Has there been any progress on this issue? I'm in the process of updating a package of mine to use multidplyr, and I just ran into the same problem.
In addition, if I call the function and pass in the number of cores to use (8, in this case), only four of those display heavy activity in my CPU history. If I run the same code without running it as a function, all 8 cores display heavy activity.

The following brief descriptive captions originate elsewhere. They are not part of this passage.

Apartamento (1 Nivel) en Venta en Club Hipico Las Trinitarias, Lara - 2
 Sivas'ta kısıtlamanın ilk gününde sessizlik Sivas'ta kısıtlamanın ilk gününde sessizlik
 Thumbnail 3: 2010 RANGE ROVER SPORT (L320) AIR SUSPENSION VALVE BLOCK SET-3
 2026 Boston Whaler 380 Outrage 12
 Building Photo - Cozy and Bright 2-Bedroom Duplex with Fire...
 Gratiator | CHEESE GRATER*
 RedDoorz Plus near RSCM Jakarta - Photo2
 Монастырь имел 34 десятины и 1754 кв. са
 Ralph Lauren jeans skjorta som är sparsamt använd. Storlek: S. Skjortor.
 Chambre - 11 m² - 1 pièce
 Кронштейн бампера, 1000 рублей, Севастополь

I run into the same problem.
For now I need to go back and use the beta version which work out OK
remotes::install_github("tidyverse/multidplyr#10")
In addition, if I call the function and pass in the number of cores to use (8, in this case), only four of those display heavy activity in my CPU history. If I run the same code without running it as a function, all 8 cores display heavy activity.
Also having this problem, opened a new issue: #123
I would like to wrap multidplyr code into a function, since I am applying the parallelised multidplyr code to multiple datasets. However, this significantly slows the processing speed, to a point where the parallelisation of the code is not advantageous anymore in terms of run time.
Is there a fix for this? Am I doing something incorrectly? I believe that this may have something to do with the global environment vs local environment to the user-defined function.
Below is an example to illustrate the effect of wrapping multidplyr functions into a user-defined function in terms of run time.